• _DATA TO EXAMINE_:

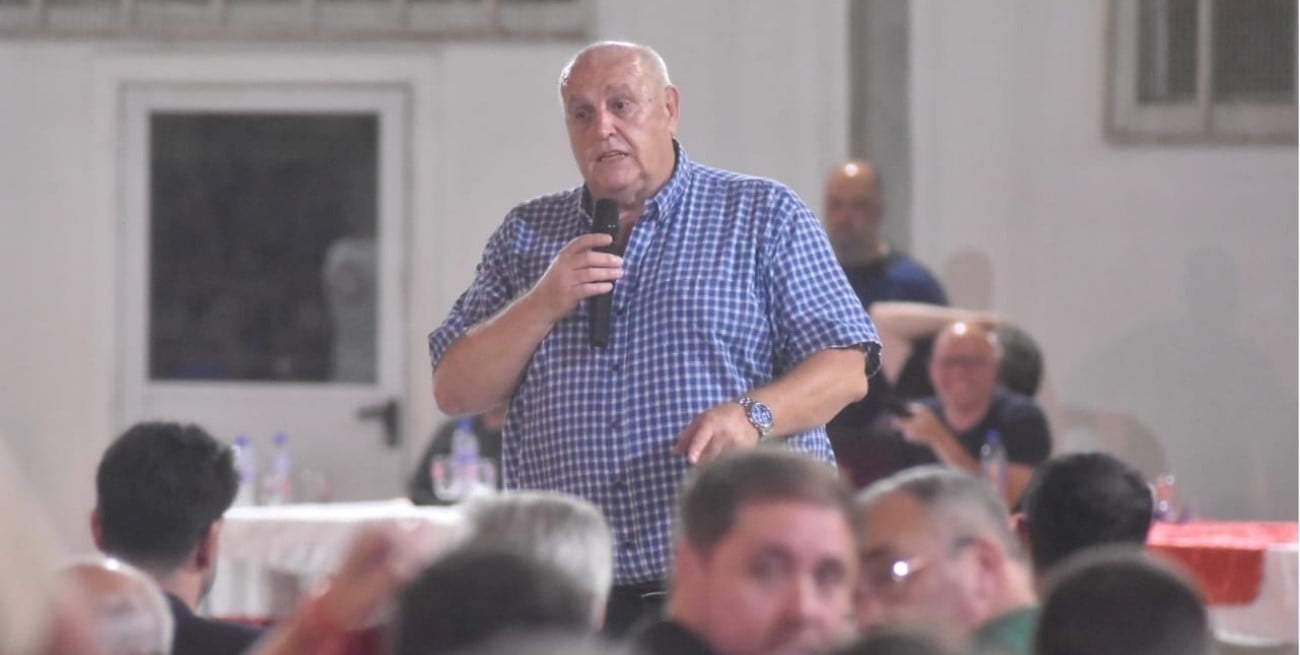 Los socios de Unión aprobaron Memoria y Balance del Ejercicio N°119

* * *

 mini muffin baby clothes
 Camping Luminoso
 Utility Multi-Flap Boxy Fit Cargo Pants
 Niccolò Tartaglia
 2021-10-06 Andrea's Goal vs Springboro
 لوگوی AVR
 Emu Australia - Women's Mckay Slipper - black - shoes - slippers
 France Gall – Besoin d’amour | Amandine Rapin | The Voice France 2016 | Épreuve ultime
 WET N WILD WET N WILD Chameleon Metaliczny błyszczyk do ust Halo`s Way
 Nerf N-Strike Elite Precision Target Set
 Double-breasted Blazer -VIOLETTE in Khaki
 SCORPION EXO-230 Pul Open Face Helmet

• _ASSIGNED TASK_:
Working from the data above, extract solely the lines from the one containing "Nerf N-Strike Elite Precision Target Set" through the one containing "SCORPION EXO-230 Pul Open Face Helmet", exactly as they appear, both included.

• _RESPONSE TO THE TASK_:
 Nerf N-Strike Elite Precision Target Set
 Double-breasted Blazer -VIOLETTE in Khaki
 SCORPION EXO-230 Pul Open Face Helmet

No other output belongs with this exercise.